Sunday, 12 February 2017

Sleeping my way through highschool

Hello readers, 


You can't believe what I found in my cabinet earlier today. I had this can/tin of Fox sweets in form 5 when I was studying in MRSM PC. It was always on my table, and I asked people to put letters in them, or anything really. Sometimes they take some of my sweets. That was okay, I encouraged them. I wasn't a good person. Still am not really a good person. I was (read: am) feisty, very vocal, vengeful, fat and unashamed. Giving away these sweets was an attempt to do something good. To change I suppose. Didn't really remember if this nice and kind thing suits me. I also found tickets and cards from my days in INTEC. It became my treasure can. 

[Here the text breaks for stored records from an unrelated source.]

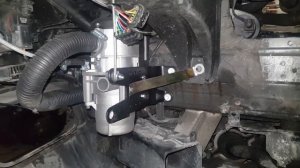 Установка Бинар или Webasto на BMW X5
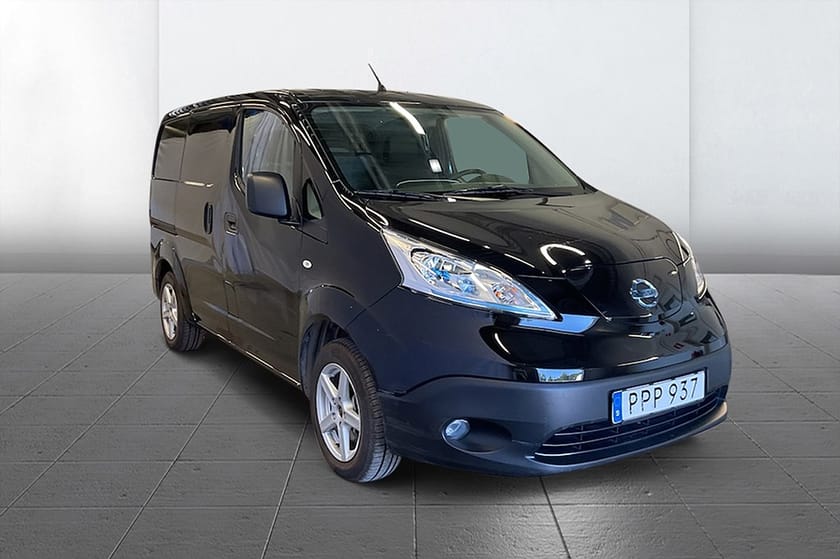 Bild 3 av Nissan e-NV200 Van 24 kWh Inredd 2xSidodörr Navi MOMS 109hk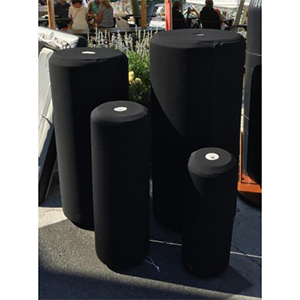 AERÉ Solid Foam Fenders - AERÉ Docking Solutions AERÉ Solid Foam Fenders - AERÉ Docking Solutions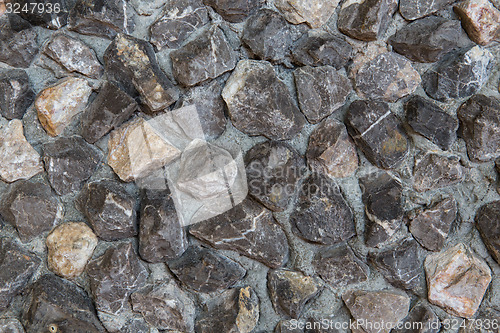 Image of stone decorative tile texture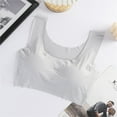 thumbnail image 1 of GZWYHT Sports Bras Bralettes for Women,Seamless Bras For Women Ultra Thin Padded Comfort Wireless Bra Breathable Bralette For Sleep Everyday Bra,Bras for Women,Wireless Bras,Seamless Bras, 1 of 9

I was not tailored for school. But I loved learning. University is for me. Its wonders and freedom was my drug. I was addicted to what it could offer. So many things to explore. How did I survive school? I slept my way through highschool. I'm sorry to the teachers I have disappointed for sleeping in class. I made it up to you with okay grades, I hope that was alright. I wake up everyday with a new determination to actually be a good student. Being a child of two educators myself, I know how important it was to have a good class etiquette in order to ease the teachers. They're tired of disobedient and disrespectful students I know. But one blink and I just fell asleep. It's not something I could fight. I fought it, but I guess I wasn't fighting hard enough. 

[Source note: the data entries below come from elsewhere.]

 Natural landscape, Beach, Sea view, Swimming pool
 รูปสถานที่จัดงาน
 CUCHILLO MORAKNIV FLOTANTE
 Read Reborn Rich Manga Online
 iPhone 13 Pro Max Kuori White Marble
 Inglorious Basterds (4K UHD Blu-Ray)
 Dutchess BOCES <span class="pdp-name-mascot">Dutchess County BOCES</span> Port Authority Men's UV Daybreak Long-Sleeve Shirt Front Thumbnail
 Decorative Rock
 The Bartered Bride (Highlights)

Always eager to get out of class to debate, lead, organize, talk, be on stage and express myself. That was me. A few months before SPM Ninny, Husaini and I were debating and helping Madam Z prepping our trip to Bangkok for a scholars competition. There was a group of boys who shamelessly mocked me and a friend of mine for speaking english around the compound. I publicly threatened to drown them with spicy tomyam soup. Few days later one of them came to apologize. 

I made it a point to erase some things about high school. But today I just decided I want to embrace and live with them. After all highschool gave me Madam Z, Madam Lin, Ninny, Dina, Nadh, Hanis. People who shaped and changed me. Always being the one who wants to be outside of class, I've never truly bonded with my classmates. That was a curse that I have lived with since I was in Tengku Mahmud. Always friends with the ones far outside due to the excessive extra-curricular activities I was involved in, never truly appreciated the ones who were in close proximity. It's dangerous. Well I like to live dangerously, but always with a price to pay. 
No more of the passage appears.